╭─ SOURCE MATERIAL

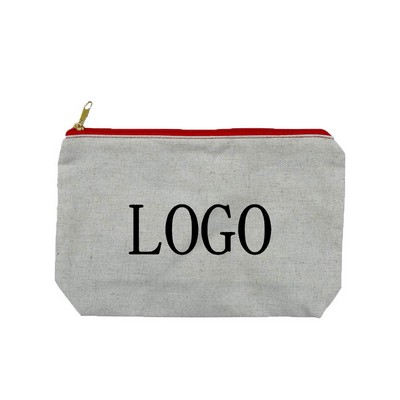 Eco-Friendly Cotton & Linen Cosmetic Tote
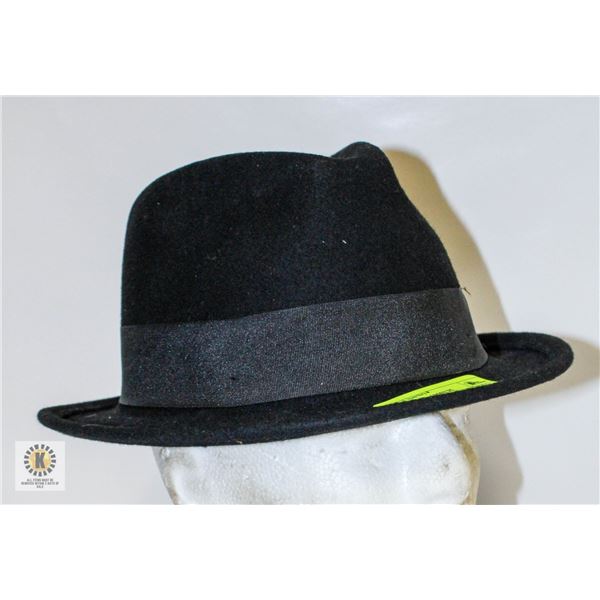 100% WOOL BLACK & GREY BOLO HATS TOGETHER-ESTATE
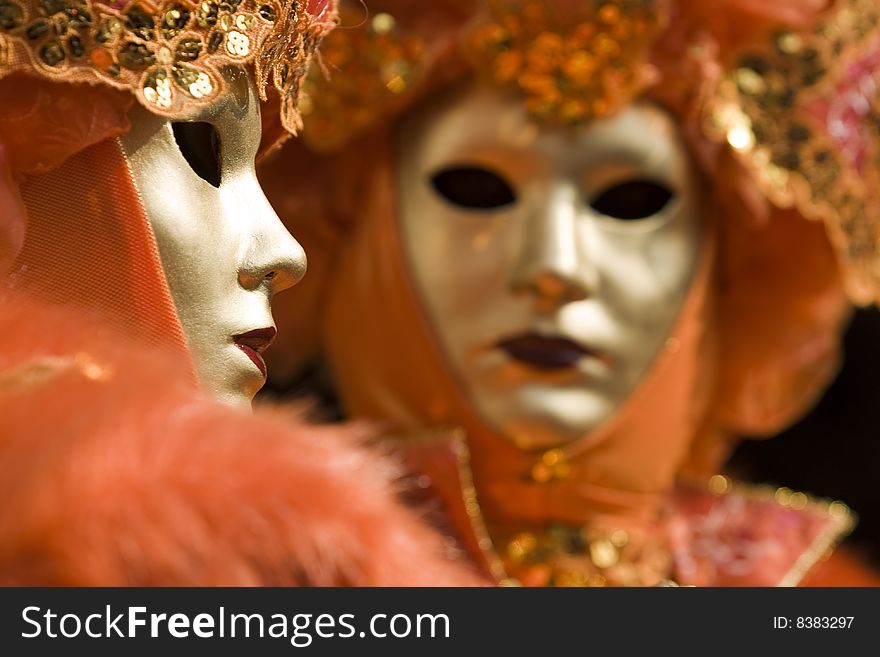 Professional mask I've seen during the carnival held in Venice in Italy, February 2009. Professional mask I've seen during the carnival held in Venice in Italy, February 2009.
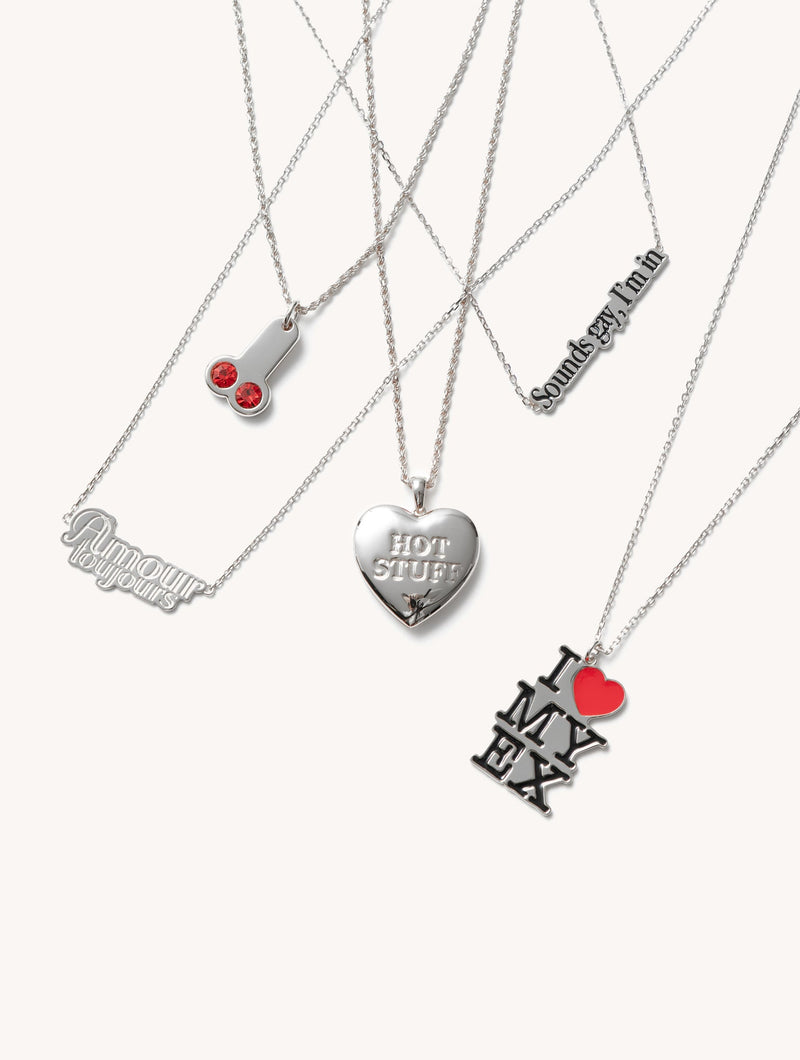 Hello, Hot Stuff  Necklace : Silver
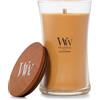 WoodWick Candela profumata con stoppino scoppiettante | Candela clessidra grande Golden Bourbon | Candele a lunga combustione: Fino a 130 ore | Regali perfetti per le donne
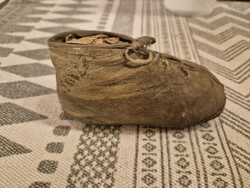 Antique Infant / Baby Shoe Made of Satin Leather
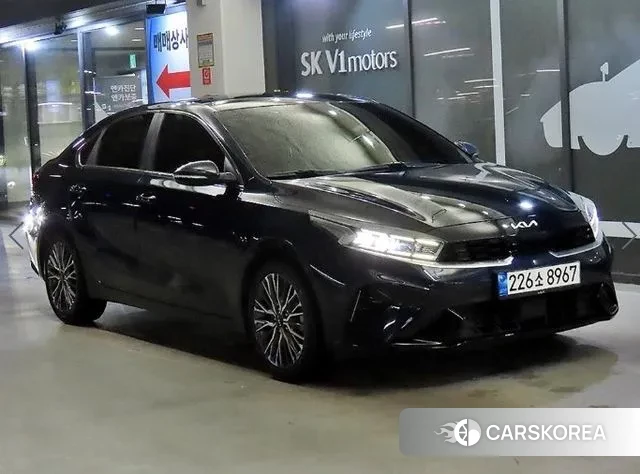 Kia The New K3 2nd generation 2021 Синий из Кореи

╰─

WORK TO BE COMPLETED
A verbatim copy of the records above, without pictures, is required.

SOLUTION BELOW
 Eco-Friendly Cotton & Linen Cosmetic Tote
 100% WOOL BLACK & GREY BOLO HATS TOGETHER-ESTATE
 Professional mask I've seen during the carnival held in Venice in Italy, February 2009. Professional mask I've seen during the carnival held in Venice in Italy, February 2009.
 Hello, Hot Stuff  Necklace : Silver
 WoodWick Candela profumata con stoppino scoppiettante | Candela clessidra grande Golden Bourbon | Candele a lunga combustione: Fino a 130 ore | Regali perfetti per le donne
 Antique Infant / Baby Shoe Made of Satin Leather
 Kia The New K3 2nd generation 2021 Синий из Кореи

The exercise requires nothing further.